O Papa Francisco apontou na Fratelli Tutti alguns caminhos benfazejos para inspirar o sonho da fraternidade universal e embalar, na esperança, nossas aspirações e perspectivas de um mundo novo: a inspiração do “Bom Samaritano” para a superação das barreiras e muros que impedem o amor ao próximo; a valorização da alteridade e da dimensão comunitária do ser humano como contraponto ao individualismo contemporâneo; a necessidade de pensar e gerar um mundo aberto, para além dos nacionalismos, ideologias fechadas e populismos; o valor do colóquio e do respeito às diferenças como paradigma de novas relações entre povos, grupos, nações e religiões, e construção da cultura do encontro e da amizade social na sociedade pluralista; a urgência de uma política mais abrangente, não submissa à economia e uma economia não subserviente ao paradigma tecnocrático; a denúncia como injusta a todo tipo de guerra, mesmo diante dos argumentos mais persuasivos; a necessidade de repensar as instituições internacionais em sua autonomia e capacidade de cumprir as finalidades propostas; a inclusão e valorização dos movimentos sindicais e populares nas discussões sobres as questões relevantes da humanidade; o contributo das tradições religiosas, com seus valores e espiritualidade, em vista da paz e da amizade social; o cultivo de um coração aberto, capaz de acolhimento aos mais pobres e de cuidado com a “lar comum”. Enfim, a Fratelli Tutti é um convite à esperança: “Convido à esperança que ‘nos fala de uma realidade cuja raiz está no mais fundo do ser humano, independentemente das circunstâncias concretas e dos condicionamentos históricos em que vive.
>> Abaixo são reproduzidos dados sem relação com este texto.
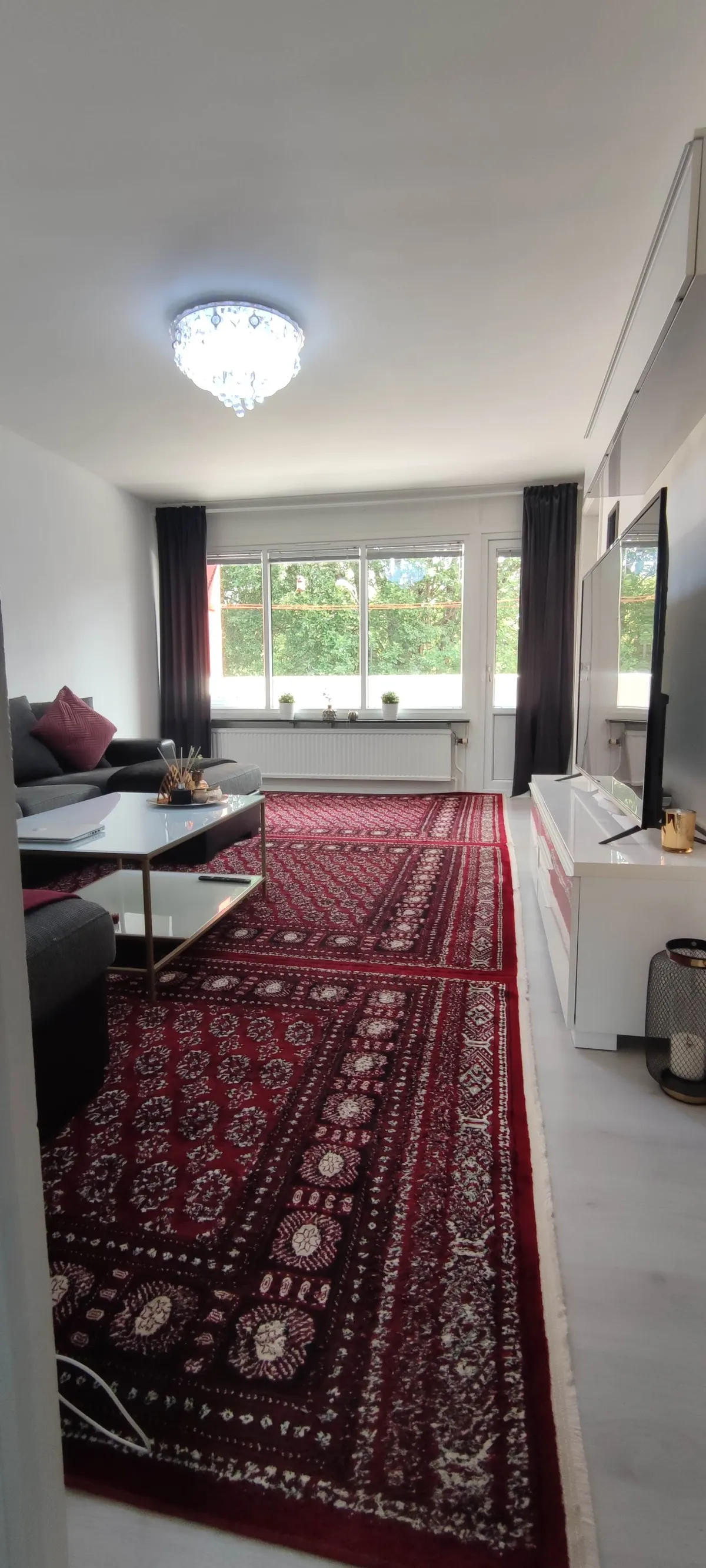 Hyreslägenhet på Skolvägen i Vikmanshyttan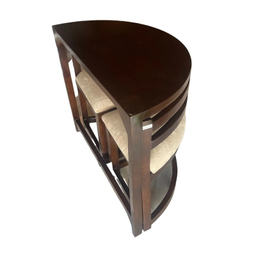 میز و صندلی ناهارخوری دو نفره گالری والریان مدل M-CH-102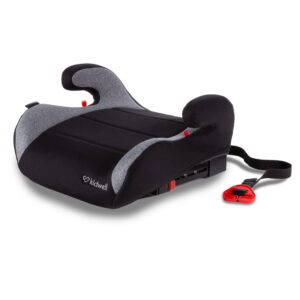Бустер Kidwell BAXTER Isofix 15-36 кг Black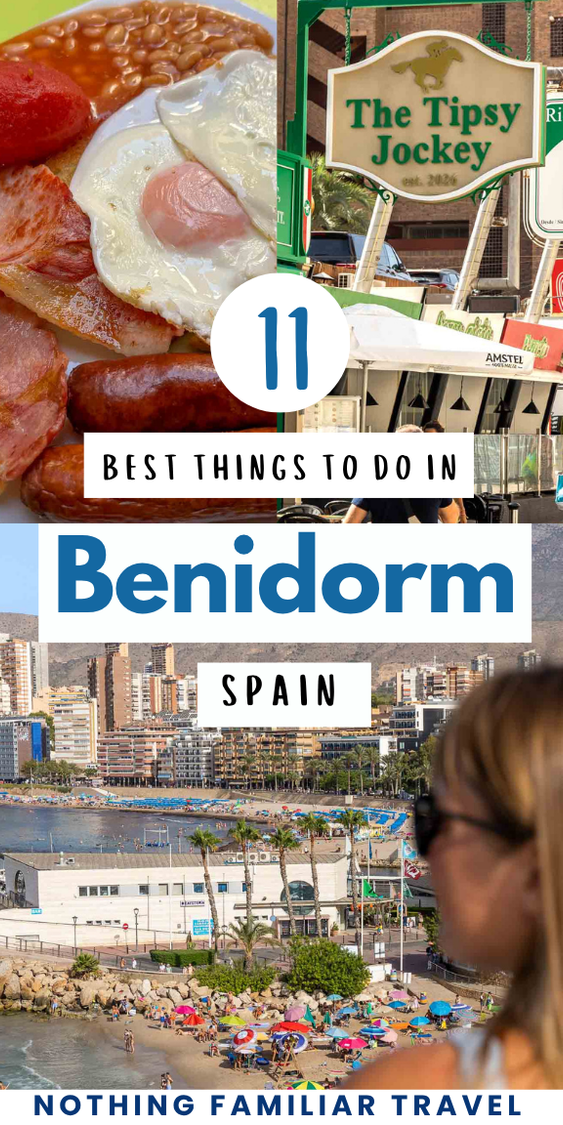 Benidorm Spain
Fala-nos de uma sede, de uma aspiração, de um anseio de plenitude, de vida bem-sucedida, de querer agarrar o que é grande, o que enche o coração e eleva o espírito para coisas grandes, como a verdade, a bondade e a beleza, a justiça e o amor. (…) A esperança é ousada, sabe olhar para além das comodidades pessoais, das pequenas seguranças e compensações que reduzem o horizonte, para se abrir aos grandes ideais que tornam a vida mais bela e digna’. Caminhemos na esperança!” (Fratelli Tutti, n. 55).